REQUIRED ACTION: A verbatim copy of the listing is what is needed, minus any pictures.
----- ENTRIES SHOWN -----
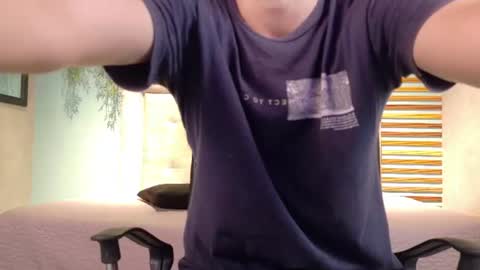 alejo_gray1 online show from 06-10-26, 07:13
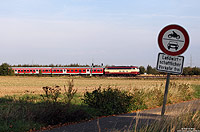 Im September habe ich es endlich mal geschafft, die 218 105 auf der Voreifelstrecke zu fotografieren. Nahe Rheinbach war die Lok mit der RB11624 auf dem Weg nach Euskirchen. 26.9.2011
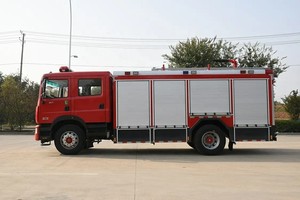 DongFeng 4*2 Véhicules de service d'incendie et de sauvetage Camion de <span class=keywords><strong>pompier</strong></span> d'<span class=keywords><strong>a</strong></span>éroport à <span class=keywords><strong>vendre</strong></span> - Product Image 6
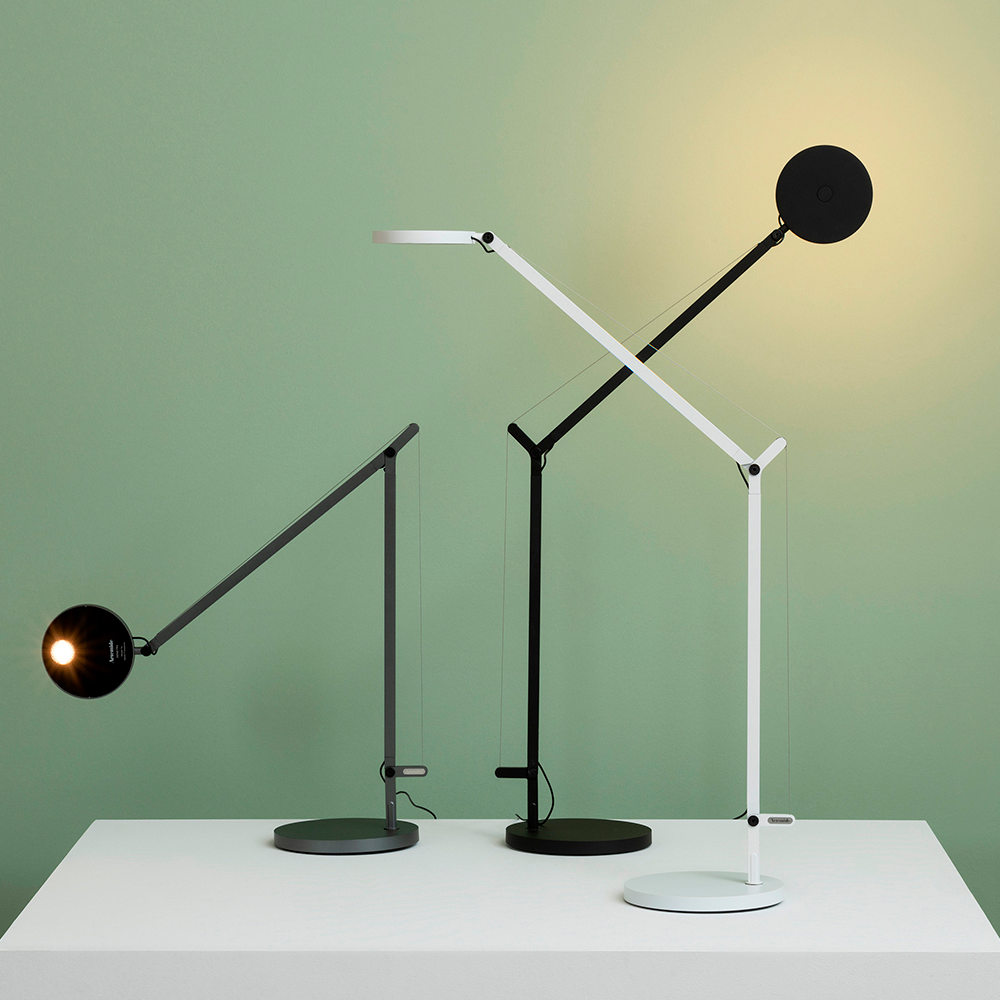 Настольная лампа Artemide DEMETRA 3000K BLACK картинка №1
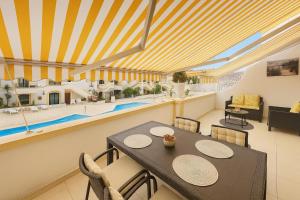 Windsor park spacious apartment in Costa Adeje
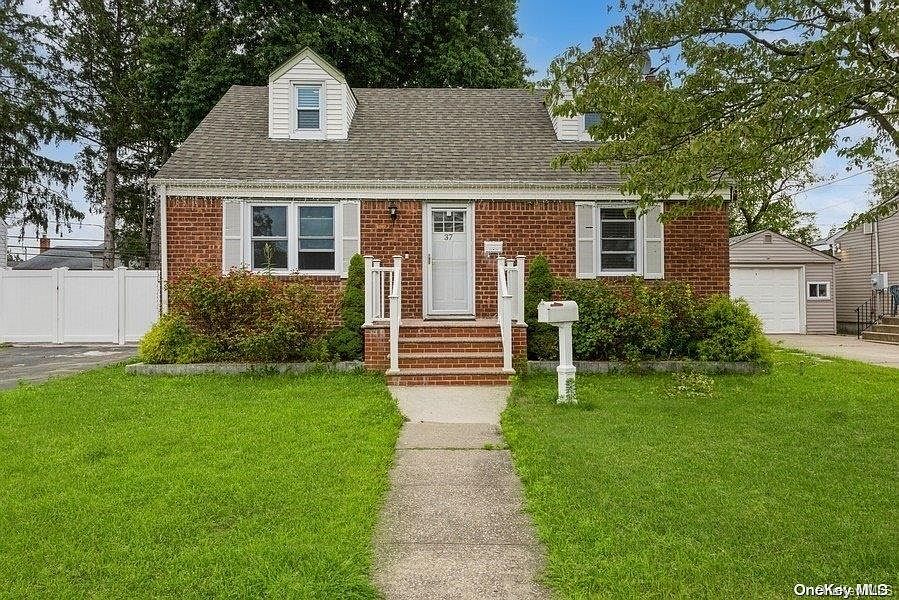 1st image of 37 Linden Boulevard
-----
COMPLETED EXERCISE:
 alejo_gray1 online show from 06-10-26, 07:13
 Im September habe ich es endlich mal geschafft, die 218 105 auf der Voreifelstrecke zu fotografieren. Nahe Rheinbach war die Lok mit der RB11624 auf dem Weg nach Euskirchen. 26.9.2011
 DongFeng 4*2 Véhicules de service d'incendie et de sauvetage Camion de <span class=keywords><strong>pompier</strong></span> d'<span class=keywords><strong>a</strong></span>éroport à <span class=keywords><strong>vendre</strong></span> - Product Image 6
 Настольная лампа Artemide DEMETRA 3000K BLACK картинка №1
 Windsor park spacious apartment in Costa Adeje
 1st image of 37 Linden Boulevard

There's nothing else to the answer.